After my 2000 Camery has sat for a few hours or over night, there is a huge amount of white smoke that poofs out of my exhaust…any advice? It actually just passed CA smog 2 months ago…
How cold was it in the morning? If the exhaust system is cold and the outside air as well, most of the water vapor in the exhaust will condense on startup, showing white “smoke”. If it blows white smoke on a warm day with the engine warmed up, you have an internal leak and coolant is getting ito yoyur engine. Check for a leaking head gasket or intake manifold gasket in that case
Just encase Docnick is wrong, although I agree with what he said, I suggest you check the coolant level now. If it is low, I would have your local trusted mechanic check it. Try not to use a chain or a quick oil change place.
Good advice, Joseph. On older cars, transmission fluid could get sucked into the engine through a faulty modulator valve. That would also cause whitish smoke!
I agree that white clouds are usually water vapor and in cars with vacuum modulators occasionally (though rarely) tranny fluid burning. I can testify from experience that burning tranny fluid makes a horrible knocking sound.
In any event I’d get it checked to be on the safe side. I don’t know what the byproducts of burning tranny fluid are, but coolant being ingested will not fail an emissions test. It does not controbute to CO, HC, or NOx output.
If you live in a cold weather area it may be just normal condensation. I hope it is, but it never hurts to have a look-see. And I definitely agree with the advice to avoid quickie places.

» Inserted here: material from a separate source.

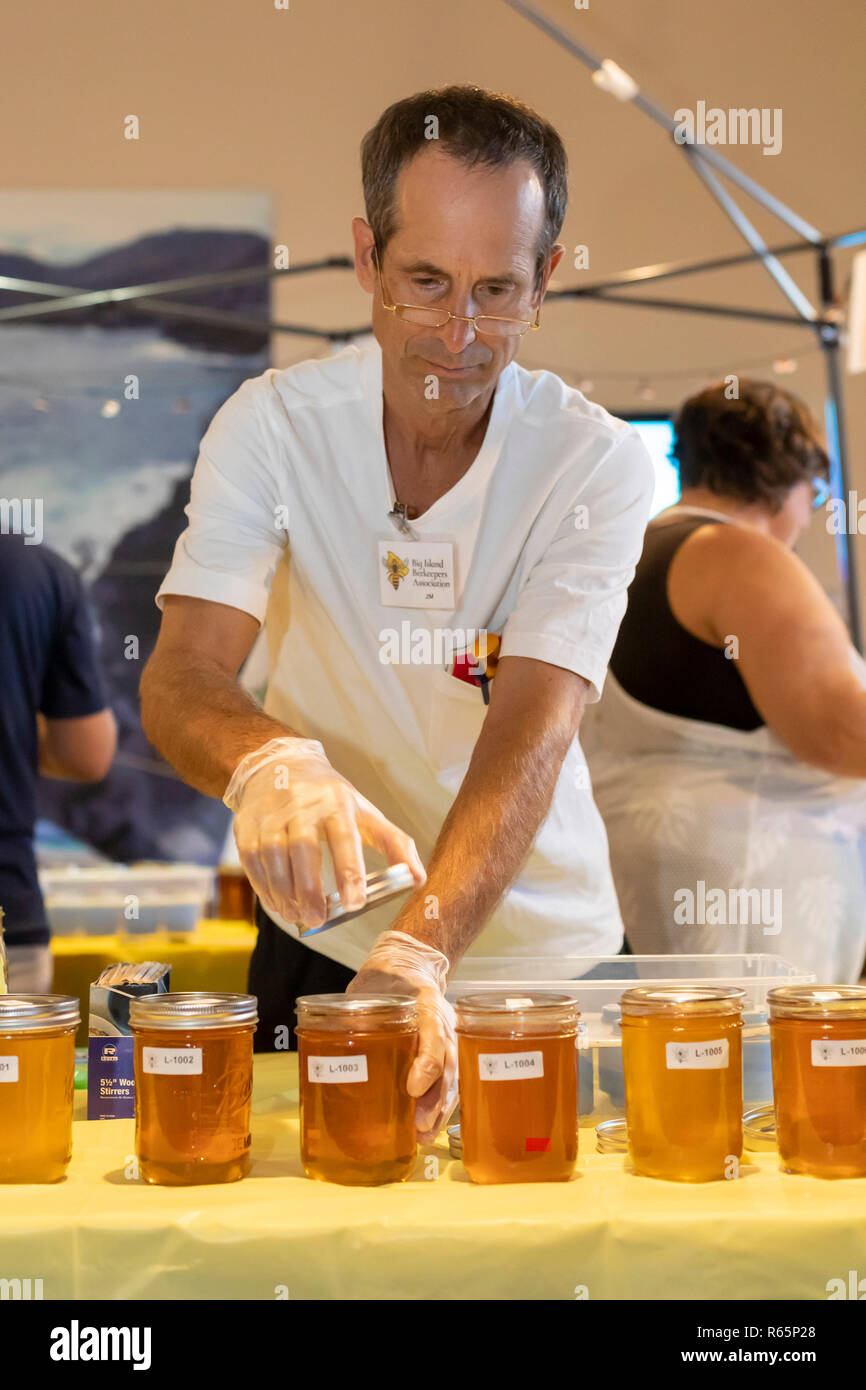 Hilo, Hawaii - ein Honig Geschmack Testen während der jährlichen Schwarze und Weiße Nacht. Die Leute wurden aufgefordert, ihren Favoriten unter den Honig zu stimmen. Schwarz und Whit Stockfoto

I just went out and checked the coolant - there is none! Does this mean it leaked out somewhere, or is it normal - I am not sure I have ever added coolant, maybe once? ALso, weather doesn’t change it - It is a beautiful 60+ degrees and sunny currently –
Ummmm…that’s not good. Unscrew your oil cap and look at the bottom of it. Also pull the oil dipstick and look at the oil on there. If the oil looks milky - sort of like a milk shake, then the coolant that used to be in your radiator is now in your oil. That comes from a blown head gasket. (The oil should just look like something like honey, but thinner and can be pretty dark, even black if its been a while since an oil change).

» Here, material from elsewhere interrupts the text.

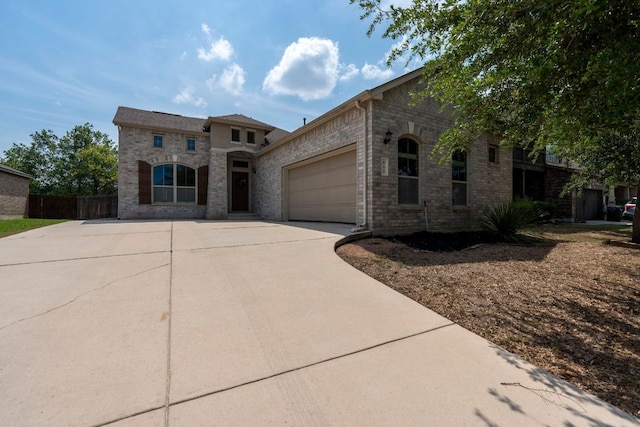 mediterranean / spanish home with concrete driveway, stone siding, an attached garage, and fence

If you want to keep the car don’t drive it a) unless you get coolant into it, and/or b) if you find the oil to be all milky. Have it towed to your mechanic. Driving it with the coolant that low is a good way to overheat and destroy the engine. Driving it with coolant/water in the oil is also a good way to destroy the engine. Of course, a head gasket fix isn’t all that cheap either.
Did you check the coolant in the plastic reservoir or in the radiator? If you only checked the reservoir and want to add coolant, make sure you check the radiator itself - but make sure the car is completely cool before you do that!